PSI Tolak Perda Syariah
Identitas sejatinya bukanlah sebuah variabel yang dalam dirinya selalu buruk bagi politik. Sebab tak mungkin ada sebuah komunitas politik, dalam skala apapun, yang tak memiliki landasan identitas tertentu. Ia menjadi persoalan ketika menjadi orientasi ideologis dan praksis politik yang melahirkan sikap-sikap anti demokrasi dan pengabaian terhadap kemanusiaan. Jika politik identitas melahirkan fanatisisme, kebencian, sektarianisme, bahkan sistem politik otoriter dan totaliter, maka ia harus ditolak dan dicegah. Apalagi di negara seperti Indonesia yang didirikan berdasarkan Pancasila dan Konstitusi, UUD 1945, yang diametral berlawanan dengan hal-hal tsb.

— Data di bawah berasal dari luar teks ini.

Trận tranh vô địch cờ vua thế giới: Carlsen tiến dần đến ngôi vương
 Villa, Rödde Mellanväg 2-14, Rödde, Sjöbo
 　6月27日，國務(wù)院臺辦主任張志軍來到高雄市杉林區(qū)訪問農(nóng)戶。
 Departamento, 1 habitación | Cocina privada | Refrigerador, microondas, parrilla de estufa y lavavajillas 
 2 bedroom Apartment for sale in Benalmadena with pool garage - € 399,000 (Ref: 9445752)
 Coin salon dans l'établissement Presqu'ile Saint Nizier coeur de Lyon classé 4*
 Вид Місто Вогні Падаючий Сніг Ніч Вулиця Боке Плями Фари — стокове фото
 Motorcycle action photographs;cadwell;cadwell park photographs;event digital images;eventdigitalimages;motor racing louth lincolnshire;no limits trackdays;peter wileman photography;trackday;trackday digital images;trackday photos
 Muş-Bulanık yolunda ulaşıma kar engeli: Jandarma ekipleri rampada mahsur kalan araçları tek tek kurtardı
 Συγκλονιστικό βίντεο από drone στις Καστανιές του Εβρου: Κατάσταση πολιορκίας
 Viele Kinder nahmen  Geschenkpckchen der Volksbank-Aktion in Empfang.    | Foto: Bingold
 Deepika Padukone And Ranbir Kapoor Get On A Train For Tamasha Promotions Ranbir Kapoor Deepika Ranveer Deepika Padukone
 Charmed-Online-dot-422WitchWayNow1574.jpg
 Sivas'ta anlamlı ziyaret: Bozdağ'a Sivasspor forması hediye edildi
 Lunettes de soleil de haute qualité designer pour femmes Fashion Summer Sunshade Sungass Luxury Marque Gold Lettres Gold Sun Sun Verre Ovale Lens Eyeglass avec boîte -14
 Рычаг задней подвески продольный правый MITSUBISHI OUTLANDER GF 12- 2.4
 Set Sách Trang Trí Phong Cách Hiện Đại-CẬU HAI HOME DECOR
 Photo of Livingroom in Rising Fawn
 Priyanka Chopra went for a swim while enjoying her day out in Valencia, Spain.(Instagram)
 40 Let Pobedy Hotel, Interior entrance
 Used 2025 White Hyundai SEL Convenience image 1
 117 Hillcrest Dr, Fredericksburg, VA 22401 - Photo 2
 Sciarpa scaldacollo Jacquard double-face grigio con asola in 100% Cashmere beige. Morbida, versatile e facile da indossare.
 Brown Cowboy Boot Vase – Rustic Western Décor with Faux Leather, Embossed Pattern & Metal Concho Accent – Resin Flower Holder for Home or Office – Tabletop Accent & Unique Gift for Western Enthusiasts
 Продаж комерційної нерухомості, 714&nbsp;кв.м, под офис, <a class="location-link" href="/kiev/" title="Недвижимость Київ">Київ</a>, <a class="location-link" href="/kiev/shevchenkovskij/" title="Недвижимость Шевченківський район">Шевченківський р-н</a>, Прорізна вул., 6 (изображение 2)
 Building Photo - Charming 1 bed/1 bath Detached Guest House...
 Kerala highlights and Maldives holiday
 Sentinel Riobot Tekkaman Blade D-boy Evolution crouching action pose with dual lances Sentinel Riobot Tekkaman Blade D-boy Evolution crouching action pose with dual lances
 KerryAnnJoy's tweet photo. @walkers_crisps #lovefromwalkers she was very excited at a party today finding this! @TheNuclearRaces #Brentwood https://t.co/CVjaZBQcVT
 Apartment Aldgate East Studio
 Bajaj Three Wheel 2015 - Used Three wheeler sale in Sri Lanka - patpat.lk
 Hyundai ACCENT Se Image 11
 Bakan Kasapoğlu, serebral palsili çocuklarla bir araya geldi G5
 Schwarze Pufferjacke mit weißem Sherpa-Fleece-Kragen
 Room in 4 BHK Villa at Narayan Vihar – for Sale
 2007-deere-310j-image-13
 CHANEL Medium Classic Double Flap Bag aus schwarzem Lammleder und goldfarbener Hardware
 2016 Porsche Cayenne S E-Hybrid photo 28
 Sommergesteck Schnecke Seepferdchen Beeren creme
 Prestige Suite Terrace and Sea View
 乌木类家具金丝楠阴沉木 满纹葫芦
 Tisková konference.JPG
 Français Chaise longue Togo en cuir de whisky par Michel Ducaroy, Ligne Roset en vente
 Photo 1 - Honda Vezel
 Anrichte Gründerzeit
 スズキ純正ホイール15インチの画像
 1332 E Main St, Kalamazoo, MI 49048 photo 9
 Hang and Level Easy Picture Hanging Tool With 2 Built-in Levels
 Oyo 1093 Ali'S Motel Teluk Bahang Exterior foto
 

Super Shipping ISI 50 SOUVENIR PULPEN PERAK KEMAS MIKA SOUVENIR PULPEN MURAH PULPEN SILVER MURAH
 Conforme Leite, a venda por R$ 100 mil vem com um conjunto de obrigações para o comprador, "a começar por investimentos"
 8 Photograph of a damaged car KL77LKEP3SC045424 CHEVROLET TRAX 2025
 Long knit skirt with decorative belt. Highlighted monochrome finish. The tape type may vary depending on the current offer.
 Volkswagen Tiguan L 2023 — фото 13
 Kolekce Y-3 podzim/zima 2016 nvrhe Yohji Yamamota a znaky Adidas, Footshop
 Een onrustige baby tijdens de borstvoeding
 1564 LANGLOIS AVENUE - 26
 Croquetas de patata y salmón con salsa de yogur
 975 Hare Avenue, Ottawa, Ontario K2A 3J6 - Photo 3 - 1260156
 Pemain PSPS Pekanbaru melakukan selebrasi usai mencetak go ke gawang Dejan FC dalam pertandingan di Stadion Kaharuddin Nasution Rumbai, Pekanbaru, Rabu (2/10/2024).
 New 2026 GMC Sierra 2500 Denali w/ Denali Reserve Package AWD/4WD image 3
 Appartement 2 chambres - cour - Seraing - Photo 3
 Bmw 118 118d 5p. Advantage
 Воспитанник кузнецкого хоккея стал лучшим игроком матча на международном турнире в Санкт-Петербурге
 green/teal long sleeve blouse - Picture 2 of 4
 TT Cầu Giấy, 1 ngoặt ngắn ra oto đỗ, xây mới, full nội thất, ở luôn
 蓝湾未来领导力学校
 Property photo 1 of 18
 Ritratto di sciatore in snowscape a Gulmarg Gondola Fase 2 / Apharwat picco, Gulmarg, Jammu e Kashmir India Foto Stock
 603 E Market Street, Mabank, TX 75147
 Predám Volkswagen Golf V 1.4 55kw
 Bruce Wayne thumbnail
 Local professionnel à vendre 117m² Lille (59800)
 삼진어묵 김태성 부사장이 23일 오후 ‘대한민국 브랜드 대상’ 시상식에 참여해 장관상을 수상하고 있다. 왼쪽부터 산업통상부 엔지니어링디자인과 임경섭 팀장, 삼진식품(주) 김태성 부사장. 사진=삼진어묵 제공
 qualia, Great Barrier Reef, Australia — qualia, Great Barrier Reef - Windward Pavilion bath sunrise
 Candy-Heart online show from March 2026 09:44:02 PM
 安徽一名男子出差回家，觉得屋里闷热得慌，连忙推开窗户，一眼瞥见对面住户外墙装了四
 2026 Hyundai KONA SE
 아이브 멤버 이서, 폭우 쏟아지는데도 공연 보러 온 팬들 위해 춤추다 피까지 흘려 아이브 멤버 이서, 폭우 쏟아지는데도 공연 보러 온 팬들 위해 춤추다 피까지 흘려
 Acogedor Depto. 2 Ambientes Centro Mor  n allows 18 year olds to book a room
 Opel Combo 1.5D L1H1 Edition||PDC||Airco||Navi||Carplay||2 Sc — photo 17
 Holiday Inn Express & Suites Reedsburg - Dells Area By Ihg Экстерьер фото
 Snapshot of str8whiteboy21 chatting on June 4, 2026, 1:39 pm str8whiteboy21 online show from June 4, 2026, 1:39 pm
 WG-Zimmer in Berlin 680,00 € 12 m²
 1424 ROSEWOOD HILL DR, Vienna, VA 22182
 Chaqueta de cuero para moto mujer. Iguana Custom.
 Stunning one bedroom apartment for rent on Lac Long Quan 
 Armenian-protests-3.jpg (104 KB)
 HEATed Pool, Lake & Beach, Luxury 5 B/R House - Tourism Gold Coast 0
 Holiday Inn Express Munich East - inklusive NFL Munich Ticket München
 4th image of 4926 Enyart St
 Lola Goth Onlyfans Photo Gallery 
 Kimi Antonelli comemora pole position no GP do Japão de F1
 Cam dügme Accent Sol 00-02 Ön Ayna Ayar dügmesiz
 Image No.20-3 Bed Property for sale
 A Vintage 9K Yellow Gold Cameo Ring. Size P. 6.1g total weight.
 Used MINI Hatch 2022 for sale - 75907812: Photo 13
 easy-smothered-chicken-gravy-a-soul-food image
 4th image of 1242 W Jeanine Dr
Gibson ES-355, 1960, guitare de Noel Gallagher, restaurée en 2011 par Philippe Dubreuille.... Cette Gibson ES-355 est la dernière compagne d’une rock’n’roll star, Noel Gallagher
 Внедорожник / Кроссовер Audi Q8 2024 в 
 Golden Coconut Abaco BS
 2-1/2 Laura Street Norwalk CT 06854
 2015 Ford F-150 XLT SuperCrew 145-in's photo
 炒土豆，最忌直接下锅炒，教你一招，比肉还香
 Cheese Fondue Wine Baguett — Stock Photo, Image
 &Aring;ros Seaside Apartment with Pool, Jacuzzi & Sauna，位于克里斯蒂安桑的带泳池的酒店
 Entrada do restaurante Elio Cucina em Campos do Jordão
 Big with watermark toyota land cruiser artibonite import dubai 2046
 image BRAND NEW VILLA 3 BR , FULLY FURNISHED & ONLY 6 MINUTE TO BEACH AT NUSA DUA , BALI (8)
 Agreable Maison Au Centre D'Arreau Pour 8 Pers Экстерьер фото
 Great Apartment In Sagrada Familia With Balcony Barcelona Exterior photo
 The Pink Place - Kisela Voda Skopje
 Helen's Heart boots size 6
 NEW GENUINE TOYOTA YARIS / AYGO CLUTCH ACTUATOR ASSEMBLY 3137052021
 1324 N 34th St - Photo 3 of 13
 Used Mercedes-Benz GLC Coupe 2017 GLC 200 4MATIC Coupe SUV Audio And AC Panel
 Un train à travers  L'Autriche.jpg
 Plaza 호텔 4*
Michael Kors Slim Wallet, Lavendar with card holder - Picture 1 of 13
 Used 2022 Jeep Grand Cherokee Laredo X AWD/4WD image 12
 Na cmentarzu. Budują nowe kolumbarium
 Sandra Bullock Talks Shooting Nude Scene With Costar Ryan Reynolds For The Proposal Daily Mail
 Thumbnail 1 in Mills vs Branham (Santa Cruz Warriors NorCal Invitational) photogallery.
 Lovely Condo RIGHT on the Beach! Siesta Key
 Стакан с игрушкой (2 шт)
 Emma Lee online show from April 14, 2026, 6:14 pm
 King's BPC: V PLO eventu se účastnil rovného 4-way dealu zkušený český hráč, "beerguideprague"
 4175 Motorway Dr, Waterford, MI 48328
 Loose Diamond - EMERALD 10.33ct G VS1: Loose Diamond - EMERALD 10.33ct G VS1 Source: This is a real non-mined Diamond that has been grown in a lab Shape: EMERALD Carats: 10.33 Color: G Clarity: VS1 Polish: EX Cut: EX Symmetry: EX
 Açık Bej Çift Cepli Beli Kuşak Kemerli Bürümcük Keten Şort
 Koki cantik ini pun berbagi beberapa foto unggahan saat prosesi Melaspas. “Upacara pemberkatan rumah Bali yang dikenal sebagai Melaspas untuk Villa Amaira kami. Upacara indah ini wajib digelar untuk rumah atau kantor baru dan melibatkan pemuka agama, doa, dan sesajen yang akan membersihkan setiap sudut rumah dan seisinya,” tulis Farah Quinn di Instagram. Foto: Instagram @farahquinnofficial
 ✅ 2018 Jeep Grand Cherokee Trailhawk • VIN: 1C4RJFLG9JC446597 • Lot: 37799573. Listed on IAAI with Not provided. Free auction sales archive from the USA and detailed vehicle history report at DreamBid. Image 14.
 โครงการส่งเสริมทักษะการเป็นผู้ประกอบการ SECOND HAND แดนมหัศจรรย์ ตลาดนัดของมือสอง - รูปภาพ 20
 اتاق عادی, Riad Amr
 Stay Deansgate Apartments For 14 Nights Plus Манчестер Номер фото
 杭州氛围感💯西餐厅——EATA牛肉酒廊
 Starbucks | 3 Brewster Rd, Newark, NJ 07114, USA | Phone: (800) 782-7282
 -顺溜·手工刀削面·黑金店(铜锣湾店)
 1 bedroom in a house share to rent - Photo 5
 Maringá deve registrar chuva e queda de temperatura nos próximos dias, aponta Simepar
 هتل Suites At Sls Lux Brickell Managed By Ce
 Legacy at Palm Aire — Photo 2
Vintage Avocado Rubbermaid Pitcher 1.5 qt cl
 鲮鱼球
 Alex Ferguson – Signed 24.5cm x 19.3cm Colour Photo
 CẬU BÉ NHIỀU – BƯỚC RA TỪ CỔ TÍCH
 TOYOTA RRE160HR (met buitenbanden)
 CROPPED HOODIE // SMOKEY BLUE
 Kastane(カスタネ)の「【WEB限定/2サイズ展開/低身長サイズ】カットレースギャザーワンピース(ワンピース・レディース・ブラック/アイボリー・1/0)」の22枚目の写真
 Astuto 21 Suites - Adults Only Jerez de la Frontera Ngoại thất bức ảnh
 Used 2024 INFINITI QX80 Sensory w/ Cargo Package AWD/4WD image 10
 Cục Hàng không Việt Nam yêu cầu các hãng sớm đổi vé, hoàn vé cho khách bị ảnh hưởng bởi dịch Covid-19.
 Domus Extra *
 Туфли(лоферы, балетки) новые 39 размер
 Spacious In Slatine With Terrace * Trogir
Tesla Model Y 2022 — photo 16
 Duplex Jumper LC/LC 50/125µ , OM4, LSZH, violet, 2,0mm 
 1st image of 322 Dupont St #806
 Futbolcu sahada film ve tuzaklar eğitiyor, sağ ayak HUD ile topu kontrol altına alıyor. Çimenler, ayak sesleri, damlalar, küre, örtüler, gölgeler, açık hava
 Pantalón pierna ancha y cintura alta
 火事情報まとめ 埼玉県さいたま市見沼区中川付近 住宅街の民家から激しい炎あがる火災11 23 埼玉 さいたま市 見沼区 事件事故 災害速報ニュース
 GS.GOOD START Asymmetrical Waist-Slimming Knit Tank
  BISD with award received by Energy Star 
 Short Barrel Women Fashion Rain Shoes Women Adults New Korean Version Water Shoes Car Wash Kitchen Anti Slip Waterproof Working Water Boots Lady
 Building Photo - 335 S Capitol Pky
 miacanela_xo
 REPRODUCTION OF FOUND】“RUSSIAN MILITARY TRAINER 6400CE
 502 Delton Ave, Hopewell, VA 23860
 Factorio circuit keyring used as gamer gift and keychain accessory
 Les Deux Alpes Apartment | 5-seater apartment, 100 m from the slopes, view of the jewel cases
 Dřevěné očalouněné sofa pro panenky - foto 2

Di era globalisasi saat ini, kebangkitan dan pengaruh politik identitas juga bukan hanya terjadi di negara seperti Indonesia dan, fakanya, telah dan sedang berkecamuk, dengan berbagai ekspresinya, di berbagai negara di dunia, termasuk negara-negara maju. Itu sebabnya sikap waspada, kritis, dan proporsional perlu dimiliki oleh seluruh penyelenggara negara dan waganegara RI agar masalah politik identitas dapat dikelola dengan efektif dan diarahkan secara positif bagi bangsa dan negara.
Berangkat dari pandangan di atas, saya memandang sikap politik PSI sebagai salah satu perwujudan upaya mengajak BERFIKIR & BERWACANA politik, terkait pengelolaan politik identitas, yang substantif bagi masa depan NKRI. Dengan menyodorkan platform politik berupa menolak Perda Syariah, partai ini menawarkan wacana dan aksi politik yang menurutnya mampu menjawab dan menghadapi dampak negatif politik identitas di negeri ini. Platform politik ini tentu masih harus diuji di ruang publik dan dalam politik elektoral, apakah akan mendapat dukungan atau tidak.
Upaya PSI tentu bukan tapa resiko politik, baik massa maupun elektoral. Salah satunya adalah KRIMINALISASI terhadap PSI melalui tuduhan penistaan terhadap agama, salah satu strategi stigmatisasi politik yang acap digunakan di negeri kita saat ini. Resiko seperti ini mau tak mau harus dihadapi PSI dengan segala macam strategi dan taktik. Tetapi reaksi negatif tersebut juga merupakan indikasi bahwa platform politik PSI tsb membuat gerah pihak-pihak yang selama ini berkepentingan dan/ atau diuntungkan oleh kehadiran dan berkembangnya politik identitas. Langsung maupun tak langsung rakyat Indonesia akan bisa menyaksikan dan menilai sendiri bagaimana partai baru tersebut memperjuangkan idealisme serta platform politik yang ditawarkannya.
Akankah PSI sukses dalam Pileg 2019 dengan platform tersebut? Kita lihat saja bagaimana konsistensi dan persistensi para kader partai dalam memerjuangkannya di ruang publik. Setidaknya saya mengucapkan: “BRAVO PSI!” atas ketegasan dan keberaniannya menjebol stagnasi dan letargi politik dengan menawarkan platform politik yang substantif ini.